BBC’s ‘Gunpowder’ Shows The High Cost Of Belief
By Fin Sheridan
Bonfire Night has been and gone (your pets will be pleased!). To mark the season, the BBC released a 3 part series ‘Gunpowder’, with the final part airing last weekend. Starring big names such as Game of Thrones star Kit Harington, Doctor Who and Sherlock writer, Mark Gatiss and Liv Tyler, ‘Gunpowder’ explores the events leading up to the Gunpowder Plot from the perspective of Robert Catesby, the actual mastermind behind it. Catesby wanted to overthrow the Protestant leadership of the UK and instead place it under Catholic rule.
Before we go any further, it’s worth noting that this article isn’t an endorsement of ‘Gunpowder’. It’s incredibly graphic, with many viewers shocked at the torture scenes depicted in episode 1. During this period, Britain was divided in terms of faith. There were deep disagreements between Catholics and Protestants.
Episode 1 of ‘Gunpowder’ shows this in horrific detail as members of Catesby’s family are persecuted for their Catholic beliefs. There were close-up scenes of a young priest being hung, drawn and quartered and a woman stripped naked before being crushed to death by large stone, with weights placed on top of it.
“These freedoms come with a responsibility – to live for Jesus, boldly and publicly.”
Whilst many readers won’t go and watch this (and rightly), I couldn’t help but be stirred by the deep religious conviction showed by Catesby and his relatives. Before Lady Dorothy Dibdale is crushed to death, she is given chance to renounce her faith. She does not.
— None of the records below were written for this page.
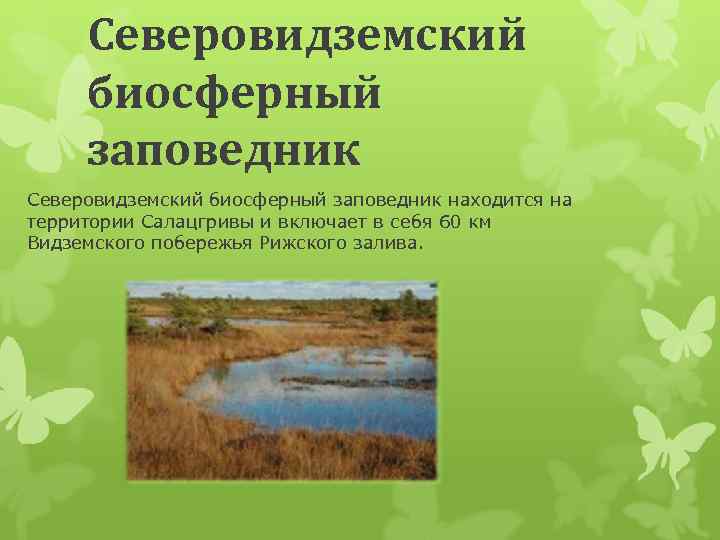 Северовидземский биосферный заповедник находится на территории Салацгривы и включает в себя 60 км Видземского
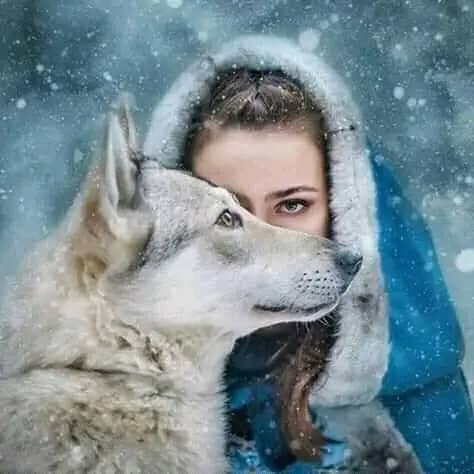 Img 20241024 Wa0110(1)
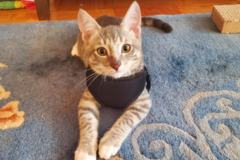 Request Quote: Furry Friends - Dog Training and Cat Behaviorist - Mt Laurel Township, NJ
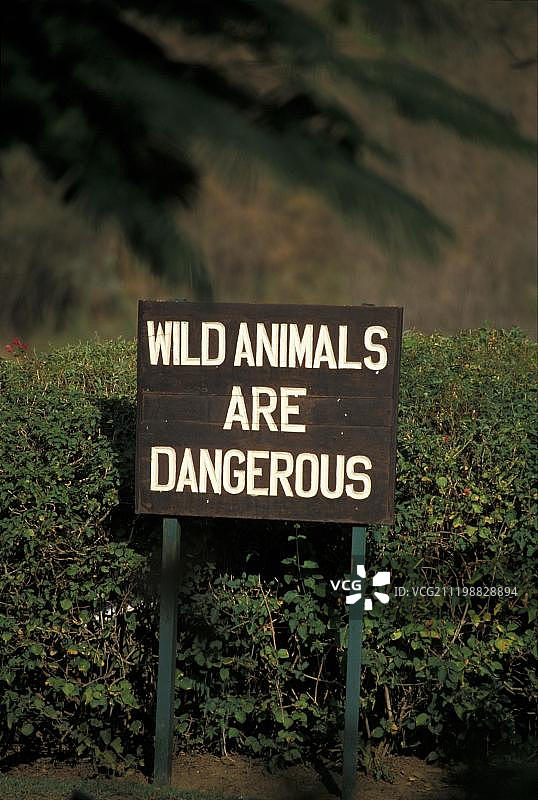 野生动物是危险的图片素材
During the torture, she again refuses to sway from her beliefs. In a world where millions of Christians face imprisonment, torture and death for their faith, these scenes are far too familiar for many around the world. They are hard to watch and yet, for many of our brothers and sisters, they are the very real price for their belief in Jesus Christ.
Open Doors, an organisation that supports and reports on the persecuted church detail the incredibly difficult circumstances that many Christians live in. Whilst hiding behind my hands, I felt again the conviction: my Christianity is so convenient, so safe. I go to church without fear. I read my Bible openly. I am protected by law. Nepal has just made evangelism illegal, yet I can invite anyone to church. These freedoms come with a responsibility – to live for Jesus, boldly and publicly.